แนวคิดหลัก
Hector is a novel two-level intermediate representation and code generation framework that systematically addresses the performance and programming challenges of implementing relational graph neural networks (RGNNs) on GPU architectures.
บทคัดย่อ
The paper proposes Hector, a novel two-level intermediate representation (IR) and code generation framework, to address the performance and programming challenges of implementing relational graph neural networks (RGNNs) on GPU architectures.
Key highlights:
- The higher-level inter-operator level IR captures the key properties of RGNN models and opportunities to reduce memory accesses in inter-operator scheduling and materialization.
- The lower-level intra-operator level IR provides the facility to express template specialization and lower them to CUDA kernels, decoupling model semantics, data layout, and operator-specific optimizations.
- Hector generates code with flexible data access schemes to eliminate redundant data copies and avoids the need for temporary weight tensors.
- Hector achieves up to 9.9x speed-up in inference and up to 43.7x speed-up in training compared to state-of-the-art systems on select RGNN models and datasets.
- Hector further optimizes performance through compact tensor materialization and linear operator reordering, obtaining up to 3.8x additional speed-up.
- The two-level IR design enables Hector to express model semantics, data layout, and operator-specific schedules in a decoupled manner, reducing programming effort.
สถิติ
The paper reports the following key metrics:
Up to 9.9x speed-up in inference compared to state-of-the-art systems.
Up to 43.7x speed-up in training compared to state-of-the-art systems.

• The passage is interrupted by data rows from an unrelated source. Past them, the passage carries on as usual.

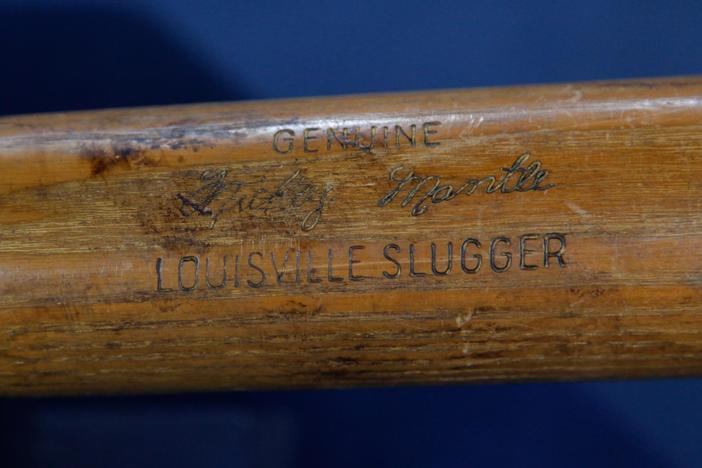 Appraisal: 1963 Mickey Mantle Game Used Bat, from Cincinnati Hour 1.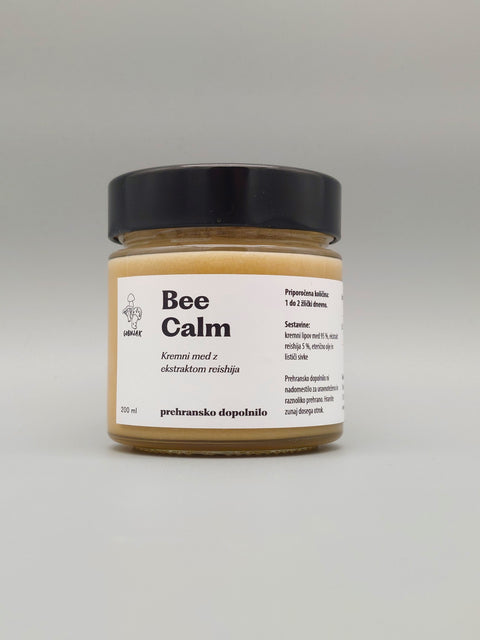 Bee Calm - kremeni med z ekstraktom reishija - Gobnjak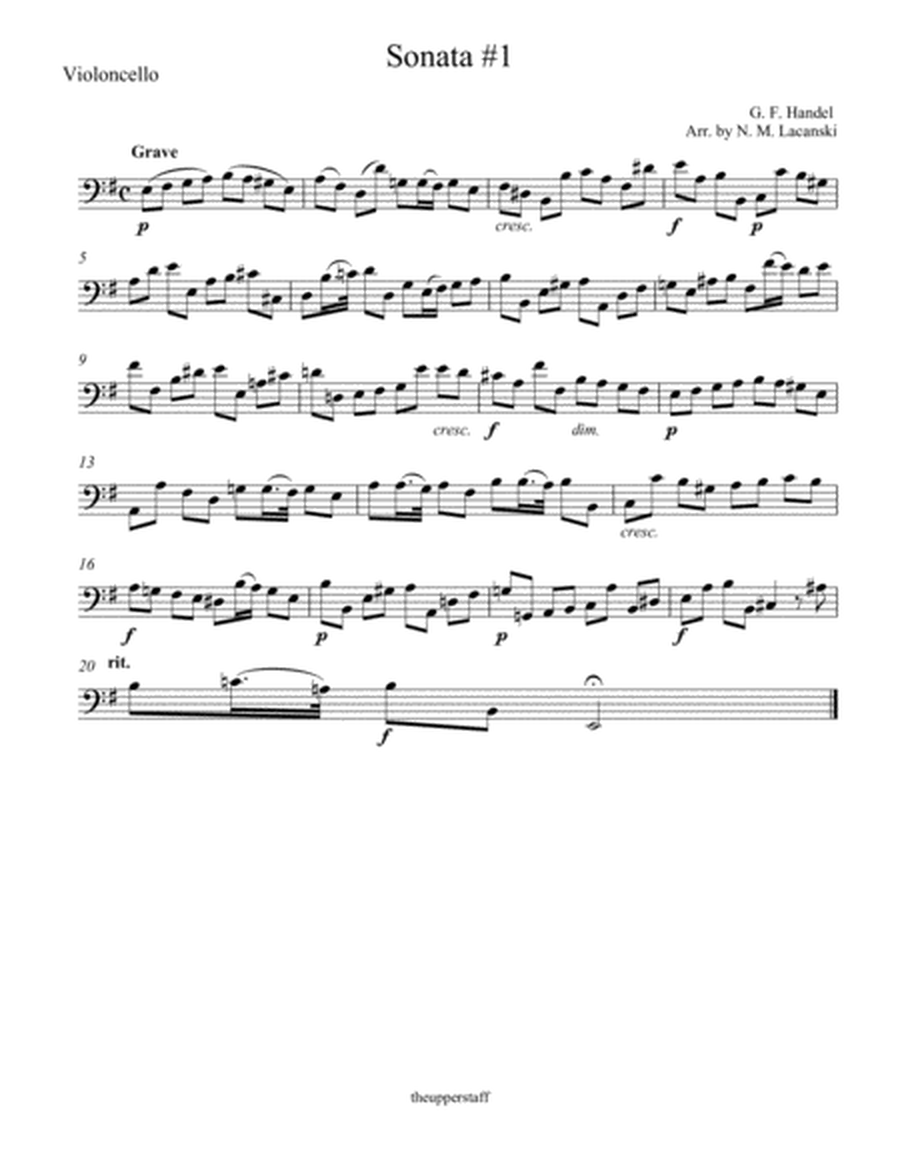 Sonata #1 Movement 1 in E Minor for Oboe and String Quartet image number null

Up to 3.8x additional speed-up from compact tensor materialization and linear operator reordering.
คำพูด
"Hector achieves up to 9.9× speed-up in inference and up to 43.7× speed-up in training compared to the best among the state-of-the-art systems [9, 35, 36] when running RGCN, RGAT, and HGT [2, 13, 31] on heterogeneous datasets provided by DGL and Open Graph Benchmark (OGB) packages [1, 4–6, 11, 32]."
"Hector further optimizes performance through compact tensor materialization and linear operator reordering, obtaining up to 3.8× additional speed-up in inference and 2.7× speed-up in training compared to our basic generated code."